- _Task to carry out_: Setting pictures aside, output exactly the lines from the start of the records to the line with "There are two", that line included.

Dataset entries:
Content starts

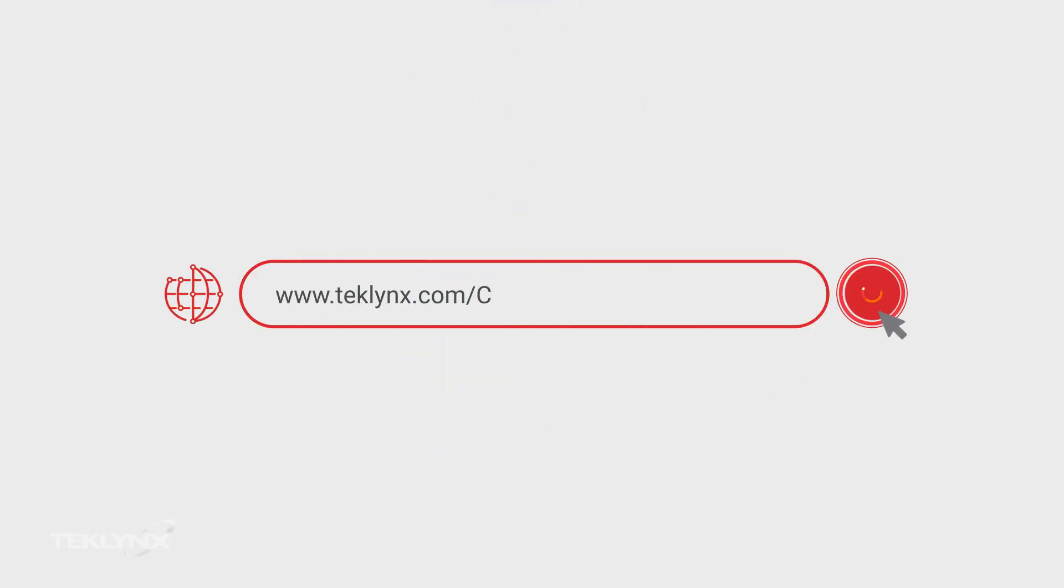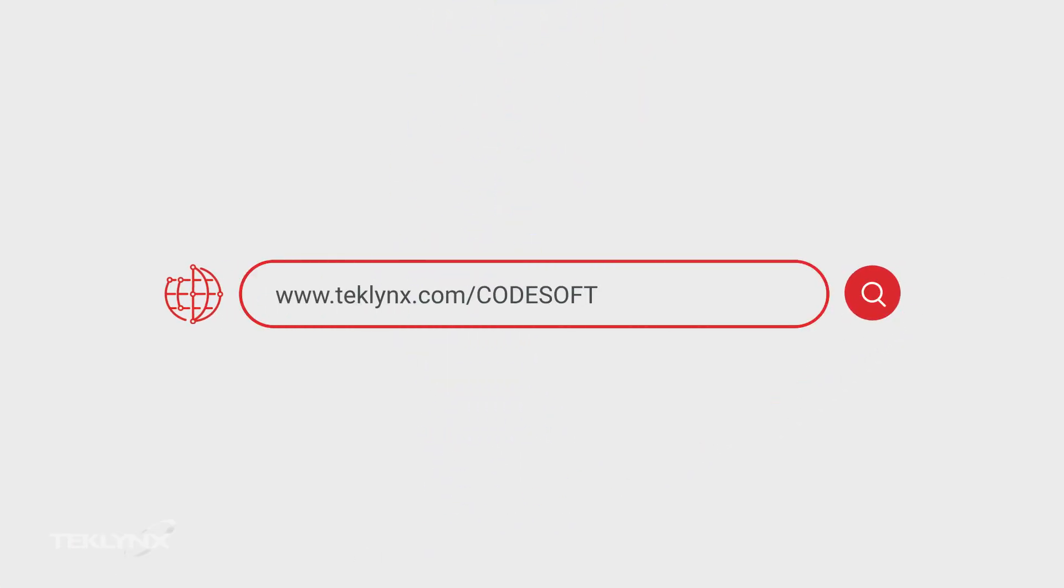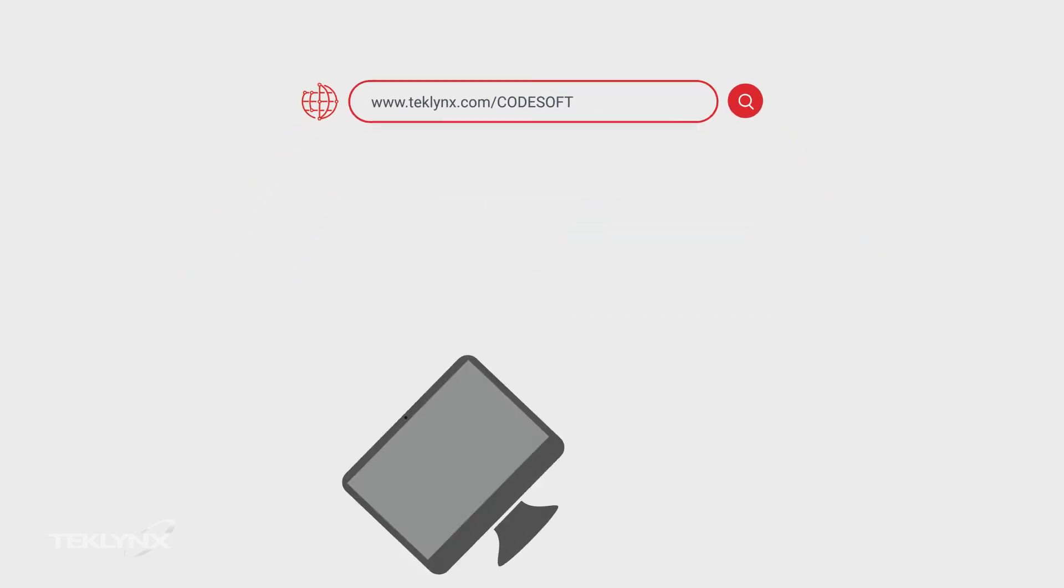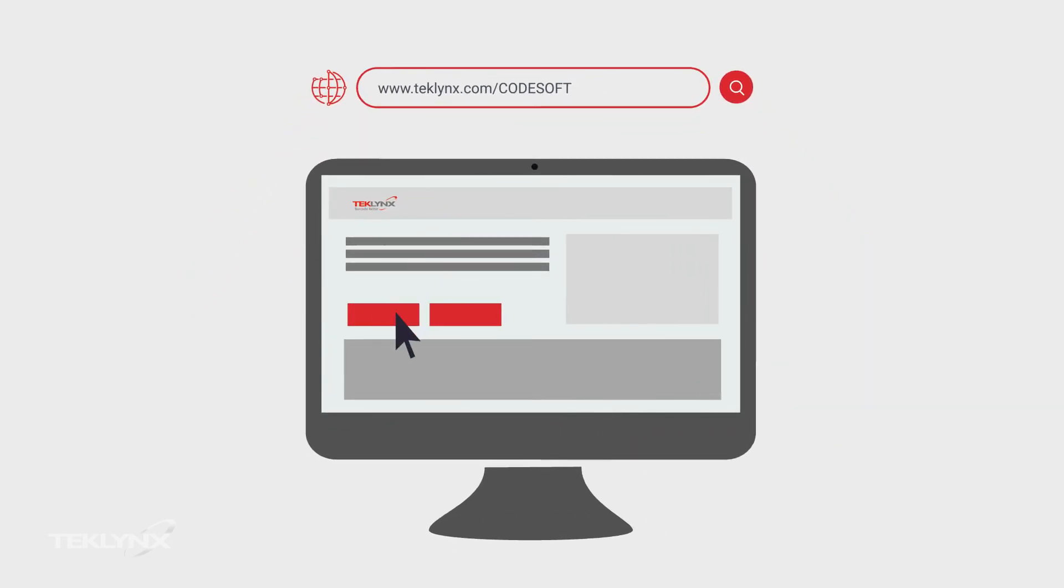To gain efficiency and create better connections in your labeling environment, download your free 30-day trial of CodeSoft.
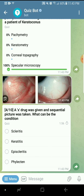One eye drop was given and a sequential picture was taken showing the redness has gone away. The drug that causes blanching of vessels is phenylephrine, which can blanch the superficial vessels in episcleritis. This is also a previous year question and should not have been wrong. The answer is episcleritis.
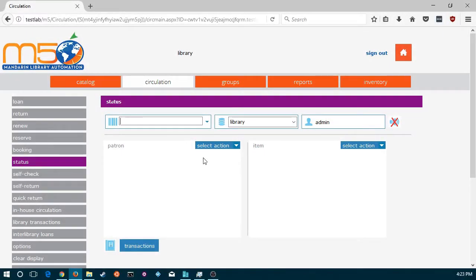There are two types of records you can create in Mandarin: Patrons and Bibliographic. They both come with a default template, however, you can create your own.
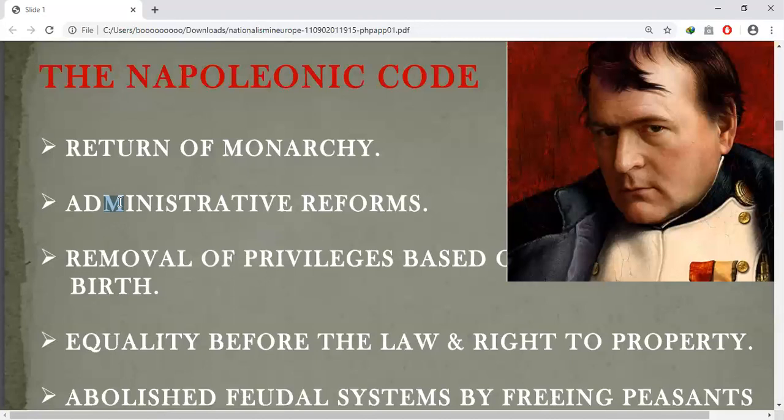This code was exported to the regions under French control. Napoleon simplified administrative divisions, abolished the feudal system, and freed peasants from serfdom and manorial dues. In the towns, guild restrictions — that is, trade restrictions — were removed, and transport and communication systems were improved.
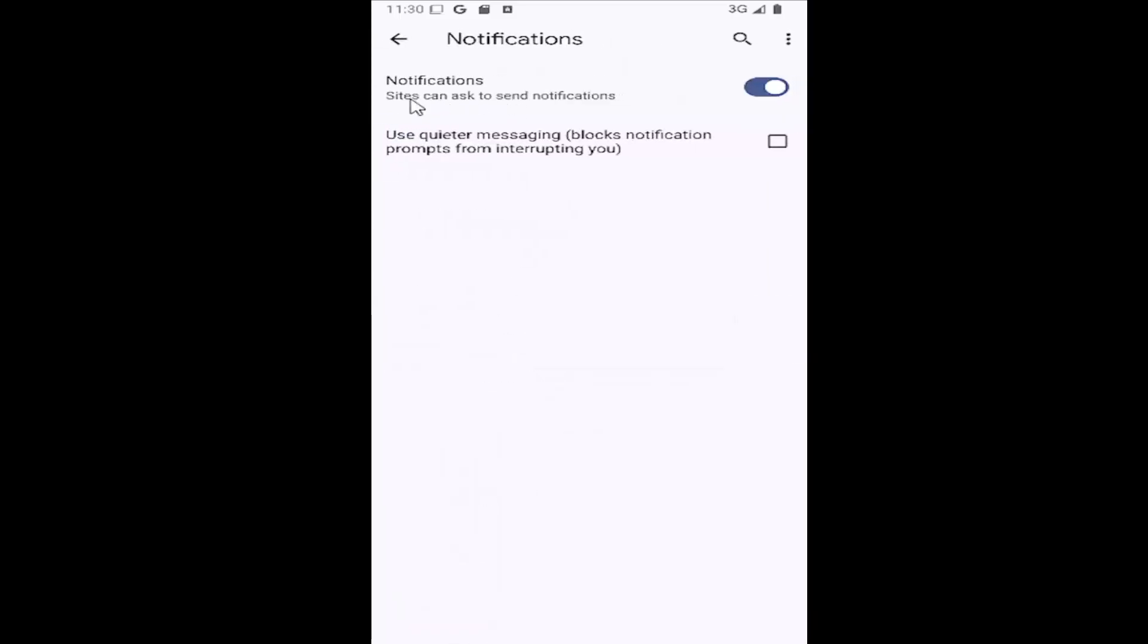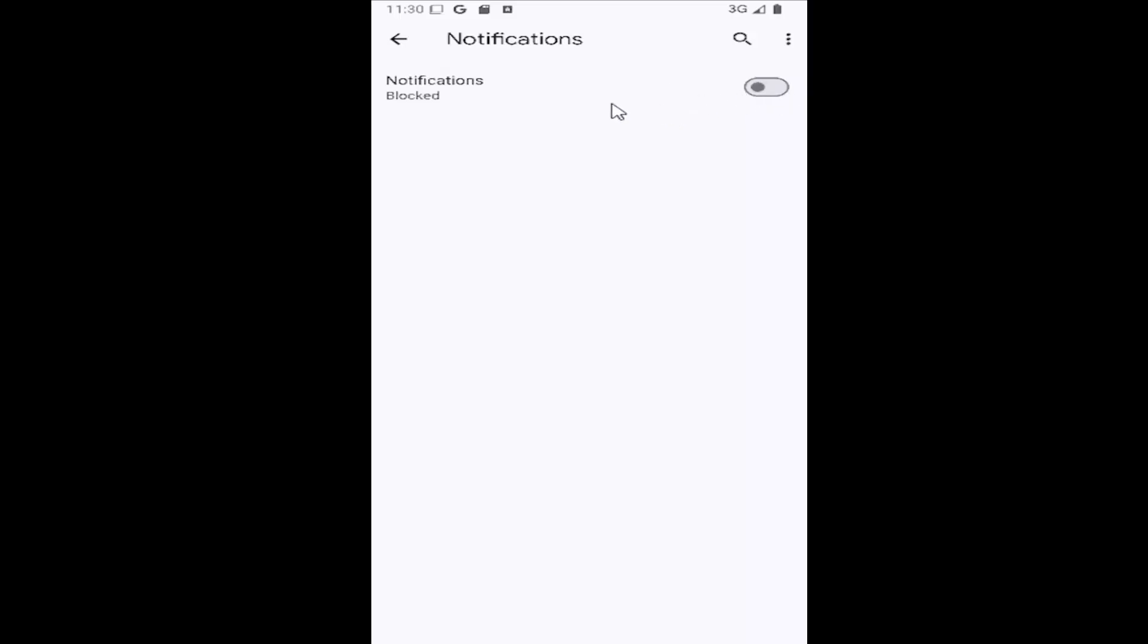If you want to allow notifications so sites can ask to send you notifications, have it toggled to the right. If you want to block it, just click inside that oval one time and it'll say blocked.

Content ends

- _Exercise answer_:
To gain efficiency and create better connections in your labeling environment, download your free 30-day trial of CodeSoft.
One eye drop was given and a sequential picture was taken showing the redness has gone away. The drug that causes blanching of vessels is phenylephrine, which can blanch the superficial vessels in episcleritis. This is also a previous year question and should not have been wrong. The answer is episcleritis.
There are two types of records you can create in Mandarin: Patrons and Bibliographic. They both come with a default template, however, you can create your own.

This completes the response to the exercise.